事務局長談話

 
2015年07月03日
「不正競争防止法の一部を改正する法律」の成立に対する談話
日本労働組合総連合会
事務局長 神津 里季生

  1. 7月3日、参議院本会議において「不正競争防止法の一部を改正する法律」が可決、成立した。本改正は、わが国企業の営業秘密漏えい防止についての環境整備を行うため、多様化する営業秘密侵害事例に即して、さらに実効性を高めるために必要となる措置を講じるものであり、概ね評価できる。

  2. 連合は、産業構造審議会知的財産分科会営業秘密の保護・活用に関する小委員会において、[1]職場での業務に近い行為に刑事罰を課す過剰な制裁ではないこと、[2]「営業秘密」の取扱いの拡大により労働者が萎縮するおそれがないこと、[3]公益通報者保護制度と矛盾する、あるいはそれを阻害するものではないこと、などを求めてきた。さらに、民主党と連携して国会審議に対応するとともに、参議院の経済産業委員会の参考人として意見陳述を行った。

  3. その結果、国会審議を通じ、本改正が労働組合の活動を制約するものではないこと、労働者の萎縮効果を引き起こすとの懸念への対応等が確認された。さらに、 衆参両院での附帯決議において、連合が意見陳述の中で求めてきた、[1]営業秘密の取扱いについて労使協議等により理解の促進をはかること、[2]刑事罰の対象となる具体的行為類型を明確にすること、[3]労働者の日常業務や正当な行為が処罰対象にならないことを指針等により明確に示すこと、などが盛り込まれた。

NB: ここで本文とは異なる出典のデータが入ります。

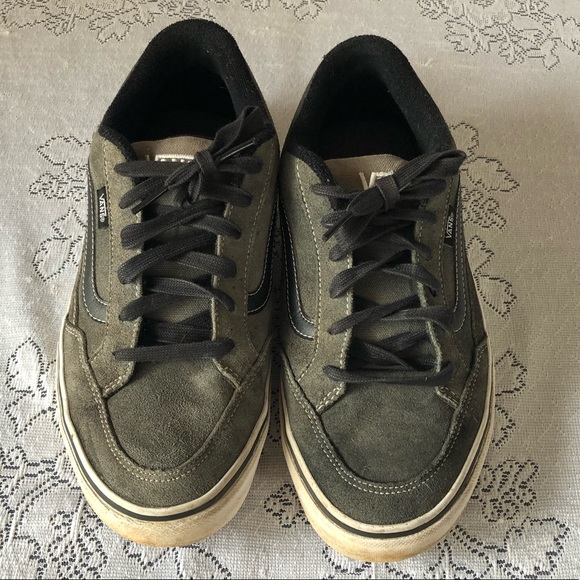 Vans Other - Men's Old Skool Van's with a pewter and black side stripe colorway. Size 9.5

  4. 連合は、今後の「営業秘密管理マニュアル」の策定に積極的に関与していくとともに、労働者・労働組合の権利保護と営業秘密の適切な保護に資する法運用を引き続き求めていく。また、法改正のポイントや営業秘密の取扱いに関する労使協議の重要性などについて、構成組織や加盟組合への周知に努める。